[Caption-style text data]
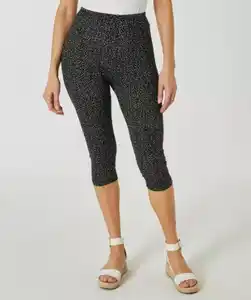 Leggings in Caprilänge, schwarz bedruckt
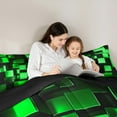 thumbnail image 5 of Erosebridal Green Grid Comforter Sets Queen Size,Modern Geometrical Comforters & Duvets,Neon Stereoscopic Plaid Bedding Queen Comforter Set For Teens,Ultra Soft Room Decoration Reversible,3-Piece, 5 of 8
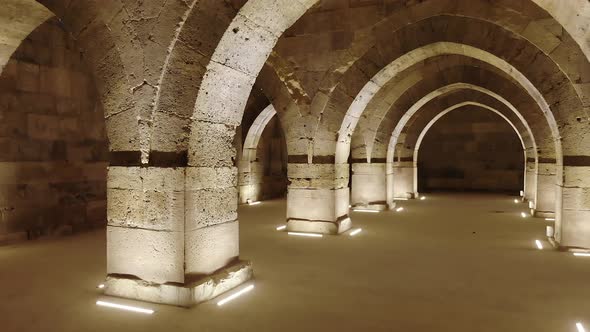 Interior of Historical Monumental Building With Stone Arches and Domes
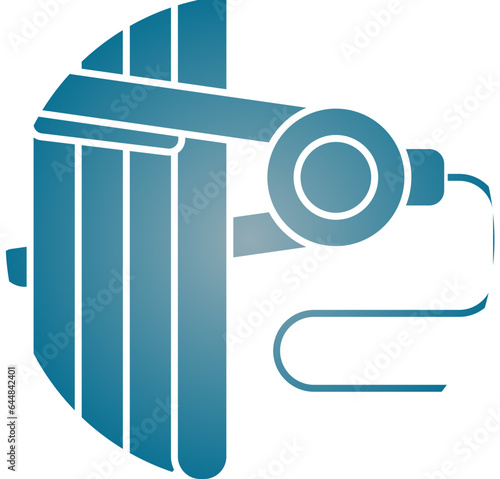 Hair Straightening Icon In Blue Color.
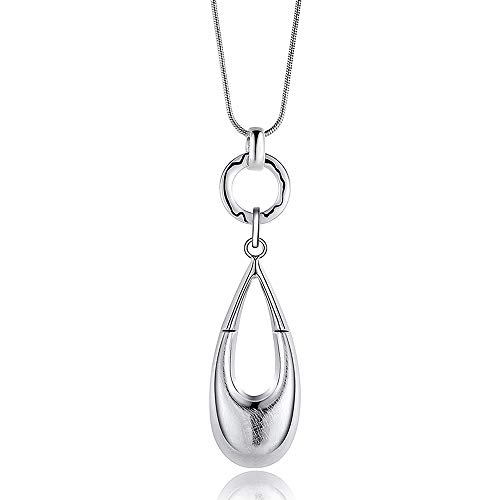 Bohemian Waterdrop Pendant Long Silver Necklace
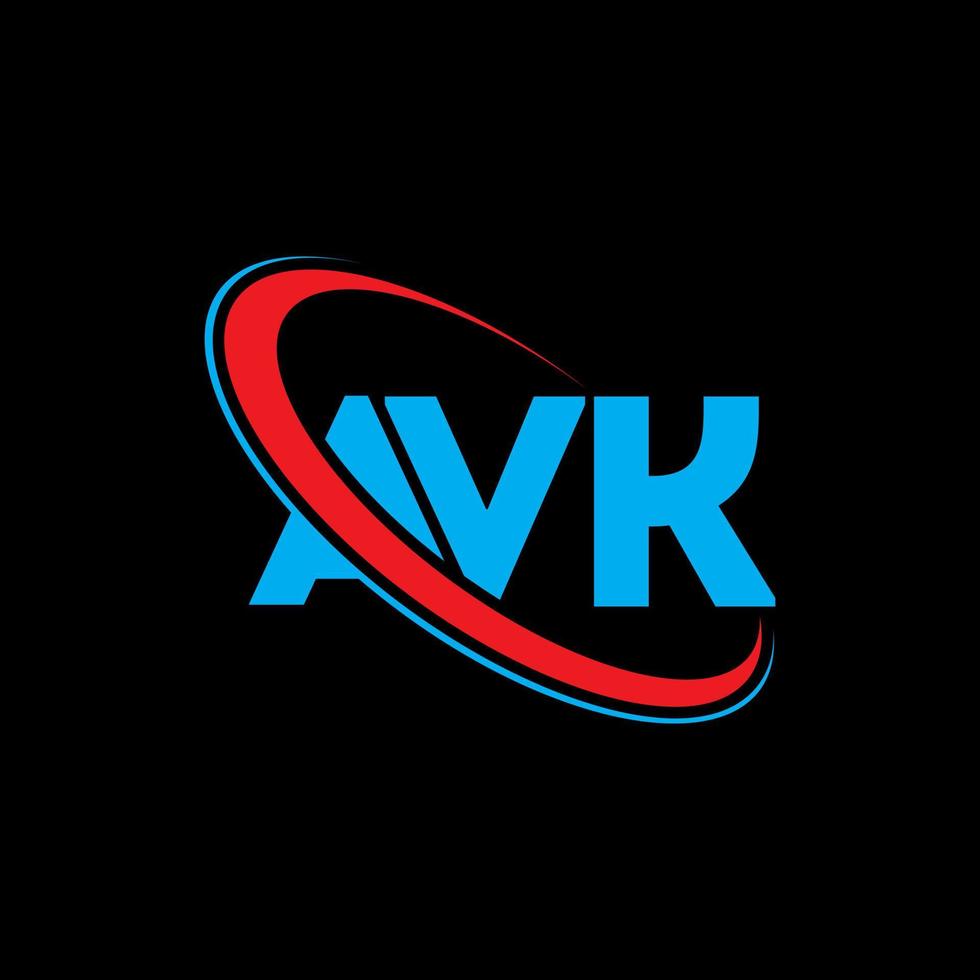 avk-logo. vk brief. avk brief logo ontwerp. initialen avk logo gekoppeld aan cirkel en hoofdletter monogram logo. avk typografie voor technologie, zaken en onroerend goed merk. vector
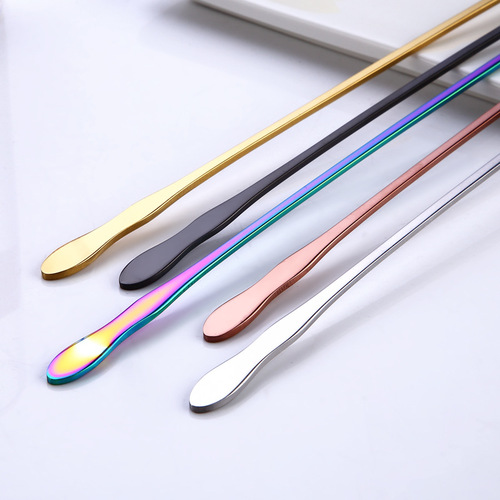 Stainless steel 410 creative cold drink milk tea coffee stirring spoon dessert spoon long handle square head melon seed honey spoon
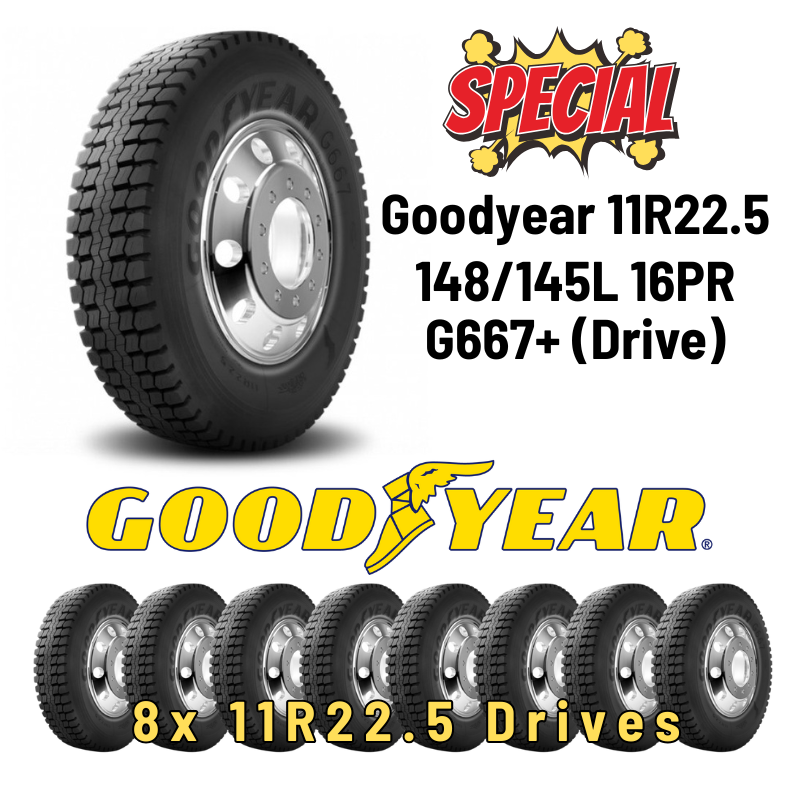 Goodyear 11R22.5 148/145L 16PR G667+ (Drive) (8x Tyres Delivered NSW Only) Special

Instructions for the task: Retype only the lines from the line with "Interior of Historical" through the last line of the data. Keep both ends and skip the pictures.

Written solution:
 Interior of Historical Monumental Building With Stone Arches and Domes
 Hair Straightening Icon In Blue Color.
 Bohemian Waterdrop Pendant Long Silver Necklace
 avk-logo. vk brief. avk brief logo ontwerp. initialen avk logo gekoppeld aan cirkel en hoofdletter monogram logo. avk typografie voor technologie, zaken en onroerend goed merk. vector
 Stainless steel 410 creative cold drink milk tea coffee stirring spoon dessert spoon long handle square head melon seed honey spoon
 Goodyear 11R22.5 148/145L 16PR G667+ (Drive) (8x Tyres Delivered NSW Only) Special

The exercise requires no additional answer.